◆ ACTIVITY ◆
Give back the full set of entries exactly, keeping each line intact.

◆ MATERIAL FOR THIS TASK ◆
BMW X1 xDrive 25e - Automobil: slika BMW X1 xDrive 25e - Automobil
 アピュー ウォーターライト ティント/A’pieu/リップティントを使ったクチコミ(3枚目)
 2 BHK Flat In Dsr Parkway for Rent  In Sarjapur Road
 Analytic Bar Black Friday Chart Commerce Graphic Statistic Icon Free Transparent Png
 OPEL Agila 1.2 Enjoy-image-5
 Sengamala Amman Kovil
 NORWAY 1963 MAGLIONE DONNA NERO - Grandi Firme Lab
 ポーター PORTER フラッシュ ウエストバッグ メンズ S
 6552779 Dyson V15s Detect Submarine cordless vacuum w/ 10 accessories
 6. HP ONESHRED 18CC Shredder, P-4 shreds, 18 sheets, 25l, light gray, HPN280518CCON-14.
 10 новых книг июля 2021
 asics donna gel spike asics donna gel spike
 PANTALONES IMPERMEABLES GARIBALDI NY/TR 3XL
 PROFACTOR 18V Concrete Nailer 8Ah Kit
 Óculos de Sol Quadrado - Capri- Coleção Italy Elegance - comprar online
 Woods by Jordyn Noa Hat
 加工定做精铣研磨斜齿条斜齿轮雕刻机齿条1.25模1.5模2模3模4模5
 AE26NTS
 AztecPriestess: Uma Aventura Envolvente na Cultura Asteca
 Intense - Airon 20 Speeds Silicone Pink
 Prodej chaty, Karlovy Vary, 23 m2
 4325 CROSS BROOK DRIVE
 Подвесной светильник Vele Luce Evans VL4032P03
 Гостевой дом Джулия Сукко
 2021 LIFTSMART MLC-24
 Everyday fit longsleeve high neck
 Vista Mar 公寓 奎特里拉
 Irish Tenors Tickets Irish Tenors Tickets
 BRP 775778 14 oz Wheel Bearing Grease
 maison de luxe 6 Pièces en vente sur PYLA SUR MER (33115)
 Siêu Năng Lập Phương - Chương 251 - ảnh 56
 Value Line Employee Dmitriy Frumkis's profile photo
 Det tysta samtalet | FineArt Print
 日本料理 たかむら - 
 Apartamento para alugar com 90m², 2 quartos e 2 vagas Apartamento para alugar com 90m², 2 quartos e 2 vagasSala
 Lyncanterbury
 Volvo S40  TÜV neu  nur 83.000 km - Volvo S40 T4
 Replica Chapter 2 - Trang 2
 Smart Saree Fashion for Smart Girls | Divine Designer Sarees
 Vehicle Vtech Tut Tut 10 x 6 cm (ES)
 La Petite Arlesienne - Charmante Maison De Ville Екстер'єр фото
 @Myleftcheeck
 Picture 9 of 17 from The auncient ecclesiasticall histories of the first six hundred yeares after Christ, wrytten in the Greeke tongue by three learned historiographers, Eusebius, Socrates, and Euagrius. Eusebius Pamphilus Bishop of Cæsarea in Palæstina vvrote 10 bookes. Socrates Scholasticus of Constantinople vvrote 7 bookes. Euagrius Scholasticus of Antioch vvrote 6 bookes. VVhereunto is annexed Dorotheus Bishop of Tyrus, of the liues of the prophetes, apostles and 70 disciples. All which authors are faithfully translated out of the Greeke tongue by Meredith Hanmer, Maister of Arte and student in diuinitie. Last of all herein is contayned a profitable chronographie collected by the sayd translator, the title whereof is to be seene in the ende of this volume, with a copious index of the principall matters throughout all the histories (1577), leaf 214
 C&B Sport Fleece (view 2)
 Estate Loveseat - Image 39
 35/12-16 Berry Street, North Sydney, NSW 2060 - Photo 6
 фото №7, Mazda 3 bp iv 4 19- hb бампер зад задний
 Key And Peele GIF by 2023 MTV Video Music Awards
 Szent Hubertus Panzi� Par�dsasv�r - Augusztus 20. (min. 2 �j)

◆ ANSWER BOX ◆
BMW X1 xDrive 25e - Automobil: slika BMW X1 xDrive 25e - Automobil
 アピュー ウォーターライト ティント/A’pieu/リップティントを使ったクチコミ(3枚目)
 2 BHK Flat In Dsr Parkway for Rent  In Sarjapur Road
 Analytic Bar Black Friday Chart Commerce Graphic Statistic Icon Free Transparent Png
 OPEL Agila 1.2 Enjoy-image-5
 Sengamala Amman Kovil
 NORWAY 1963 MAGLIONE DONNA NERO - Grandi Firme Lab
 ポーター PORTER フラッシュ ウエストバッグ メンズ S
 6552779 Dyson V15s Detect Submarine cordless vacuum w/ 10 accessories
 6. HP ONESHRED 18CC Shredder, P-4 shreds, 18 sheets, 25l, light gray, HPN280518CCON-14.
 10 новых книг июля 2021
 asics donna gel spike asics donna gel spike
 PANTALONES IMPERMEABLES GARIBALDI NY/TR 3XL
 PROFACTOR 18V Concrete Nailer 8Ah Kit
 Óculos de Sol Quadrado - Capri- Coleção Italy Elegance - comprar online
 Woods by Jordyn Noa Hat
 加工定做精铣研磨斜齿条斜齿轮雕刻机齿条1.25模1.5模2模3模4模5
 AE26NTS
 AztecPriestess: Uma Aventura Envolvente na Cultura Asteca
 Intense - Airon 20 Speeds Silicone Pink
 Prodej chaty, Karlovy Vary, 23 m2
 4325 CROSS BROOK DRIVE
 Подвесной светильник Vele Luce Evans VL4032P03
 Гостевой дом Джулия Сукко
 2021 LIFTSMART MLC-24
 Everyday fit longsleeve high neck
 Vista Mar 公寓 奎特里拉
 Irish Tenors Tickets Irish Tenors Tickets
 BRP 775778 14 oz Wheel Bearing Grease
 maison de luxe 6 Pièces en vente sur PYLA SUR MER (33115)
 Siêu Năng Lập Phương - Chương 251 - ảnh 56
 Value Line Employee Dmitriy Frumkis's profile photo
 Det tysta samtalet | FineArt Print
 日本料理 たかむら - 
 Apartamento para alugar com 90m², 2 quartos e 2 vagas Apartamento para alugar com 90m², 2 quartos e 2 vagasSala
 Lyncanterbury
 Volvo S40  TÜV neu  nur 83.000 km - Volvo S40 T4
 Replica Chapter 2 - Trang 2
 Smart Saree Fashion for Smart Girls | Divine Designer Sarees
 Vehicle Vtech Tut Tut 10 x 6 cm (ES)
 La Petite Arlesienne - Charmante Maison De Ville Екстер'єр фото
 @Myleftcheeck
 Picture 9 of 17 from The auncient ecclesiasticall histories of the first six hundred yeares after Christ, wrytten in the Greeke tongue by three learned historiographers, Eusebius, Socrates, and Euagrius. Eusebius Pamphilus Bishop of Cæsarea in Palæstina vvrote 10 bookes. Socrates Scholasticus of Constantinople vvrote 7 bookes. Euagrius Scholasticus of Antioch vvrote 6 bookes. VVhereunto is annexed Dorotheus Bishop of Tyrus, of the liues of the prophetes, apostles and 70 disciples. All which authors are faithfully translated out of the Greeke tongue by Meredith Hanmer, Maister of Arte and student in diuinitie. Last of all herein is contayned a profitable chronographie collected by the sayd translator, the title whereof is to be seene in the ende of this volume, with a copious index of the principall matters throughout all the histories (1577), leaf 214
 C&B Sport Fleece (view 2)
 Estate Loveseat - Image 39
 35/12-16 Berry Street, North Sydney, NSW 2060 - Photo 6
 фото №7, Mazda 3 bp iv 4 19- hb бампер зад задний
 Key And Peele GIF by 2023 MTV Video Music Awards
 Szent Hubertus Panzi� Par�dsasv�r - Augusztus 20. (min. 2 �j)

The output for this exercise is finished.